Seeing the Constellations: Thoughts from IMPACT 2009

We just completed our IMPACT® 2009 Research Conference in Florida, which brought together over 300 top HR and L&D leaders from around the world.  One of the things I talked about in my keynote is the real value of industry research, and I wanted to highlight some of this thinking here, through the use of an analogy.

We, as industry analysts, are constantly looking into the heavens.  The Heavenswe gaze upward we see many flashes of light.  These millions of stars are each of you – the business and HR leaders and practitioners who are each working to solve problems.  If you gaze into the heavens you too will see this light.  From far away it looks like a broad glow, with different areas of color, cluster of activity, and areas of deep darkness.  But without a map of the heavens, it is hard to see the patterns.  So you see individual stars, small clusters, and sometimes images.

We see a lot of stars.  In fact, during a single year each of our analysts probably talks with hundreds of companies, and through our surveys and other research tools we actually study tens of thousands of companies, problems, processes, and systems.

Our job, as research analysts, is to show you the constellations.  The maps.  The important patterns.  And in addition to pointing them out to you (through our frameworks, maturity models, and reports), we show you how they apply to the problems you face in your organization.  

Now I know this sounds abstract and a little academic, but at it’s core this is the essence of business research.  And we do so much research now that I thought an analogy like this would be helpful.

Some of the seven “constellations” I pointed out at IMPACT are:

1.  Employee “engagement” is now a business issue, not an HR issue.  Organizations must learn to measure, monitor, and analyze engagement to give them immediate and specific actionable information. Lowes and Booz Allen discussed this in detail.  In the case of Lowes, for example, the company created a special definition of employee engagement which directly correlates to store sales.  By carefully monitoring this engagement measure, and identifying the job roles which contribute to engagement, Lowes can focus its talent investments on two critical roles in their store population.

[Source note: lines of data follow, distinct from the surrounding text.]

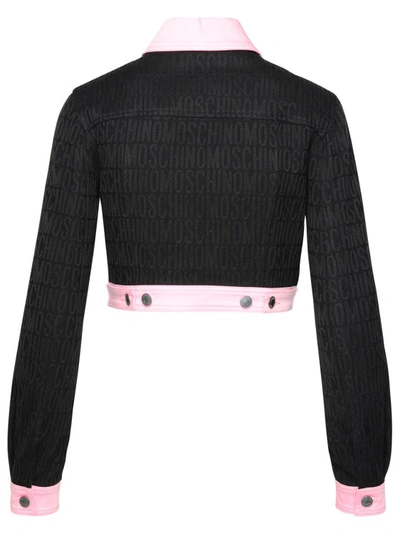 Shop Moschino Logo Black Cotton Blend Jacket
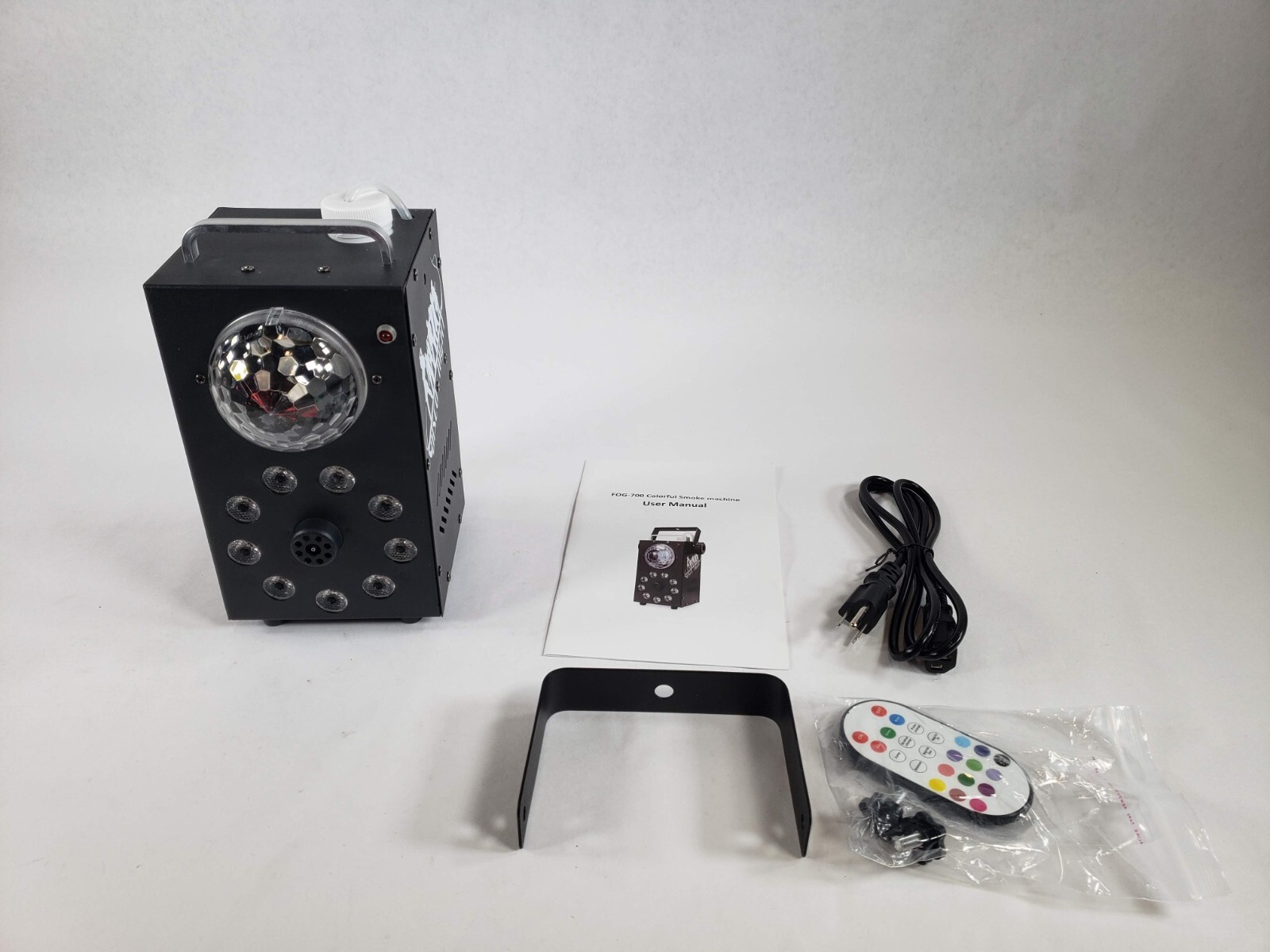 Fog Machine 700W Smoke Machine 3500 CFM Fog 9 LED Colorful Lights & Disco Ball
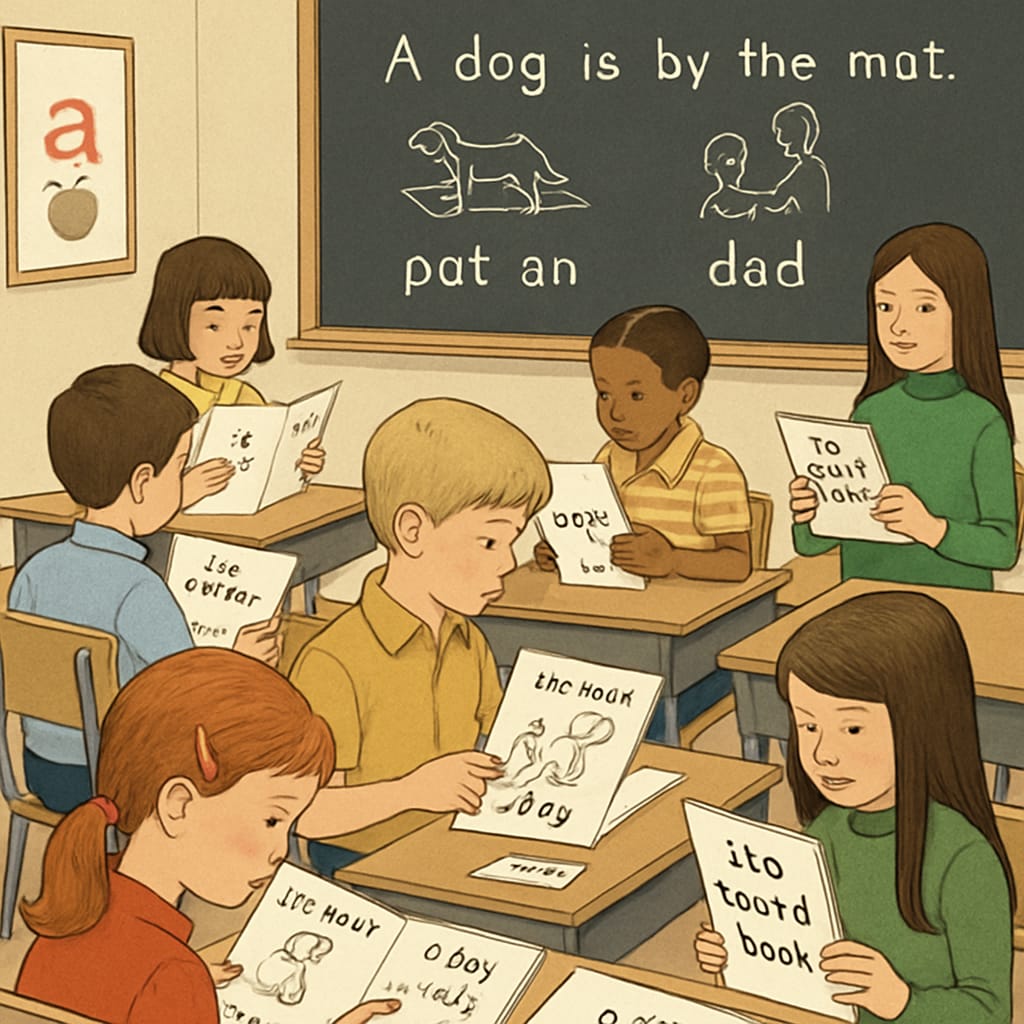 A classroom from the 1970s, showing children learning to read using ITA books and materials. A 1970s classroom where children are being taught with Initial Teaching Alphabet materials.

2.  Corporate learning is not a “set of training programs” but rather a “set of learning environments,” which fit into an organizational learning culture.   If you want to build sustainable, high-impact learning programs you must build a learning architecture, and implement that architecture through a set of environments framed by your corporate learning culture.  Our new learning practices research and enterprise learning framework will help you here.

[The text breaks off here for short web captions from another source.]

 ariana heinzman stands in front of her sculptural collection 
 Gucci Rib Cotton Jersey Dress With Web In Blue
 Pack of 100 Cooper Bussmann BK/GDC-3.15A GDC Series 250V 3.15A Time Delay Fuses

3.  High performing companies build individuals with deep levels of specialization, not generalists.    When GE studied its highest performing business units in 2007, they found one thing in common:  they each had a leader with 5 or more years of functional experience in that business.  The old management science of “job rotation” is somewhat flawed – it is deep levels of skill which make an organization sustainable.   (Qualcomm, Boeing, Vestas, and BT all talked about this at IMPACT.)

4.  First line managers should be considered nobility.  In any organization, the most important decisions are made at the front line – and often by new managers.   Organizations that are dealing with today’s economy are building leadership development from the “bottom up,” not “top down” – because it is the line leaders that implement change.  Southwest Airlines, Kaiser Permanente, Children’s Hospital of Atlanta, Lowes, and ARAMARK leaders all talked about how they’re doing this at IMPACT.

5.  Talent Mobility should be your design point for talent management.  With most mature companies facing aging baby-boomers, layoffs, restructuring, and even growth in some areas – it is mobility that drives performance.  Northrop Grumman, Boeing, Turner Broadcasting all talked about the challenge of talent mobility, and how their “succession management” processes are evolving.  You should consider your retiring experts as part of this talent pool as well – how can you leverage them into your talent and expertise network?  Boeing is doing this today.

6.  You must learn from “we” not “me.”  Your company is a pattern recognition system.  Through the customer facing, internal, and support resources throughout your organization you are seeing and responding to market changes every day.  Without a process of actively sharing knowledge and learning, your L&D organizaton can never keep up.  BT, Sun Microsystems, and The Federal Reserve all showed us how they are using the “wisdom of crowds” in their organizations to rapidly adapt and succeed.  By the way, you can never build enough “training” to keep up, so don’t even try to control it.

7.  Do “less with less.”  Throughout the conference we talked about the fact that reduced budgets are a blessing in disguise.  It is healthy to focus, start over, and rebuild your talent and learning strategies in a consolidated, focused way.   Bristol Myers Squibb, Freeman, and almost every solution provider we spoke with described how they are consolidating their HR and L&D investments and driving even greater impact with fewer programs and fewer people.

So as you gaze up into the stars in the coming weeks, try to find these constellations – I hope they guide you to a successful 2009.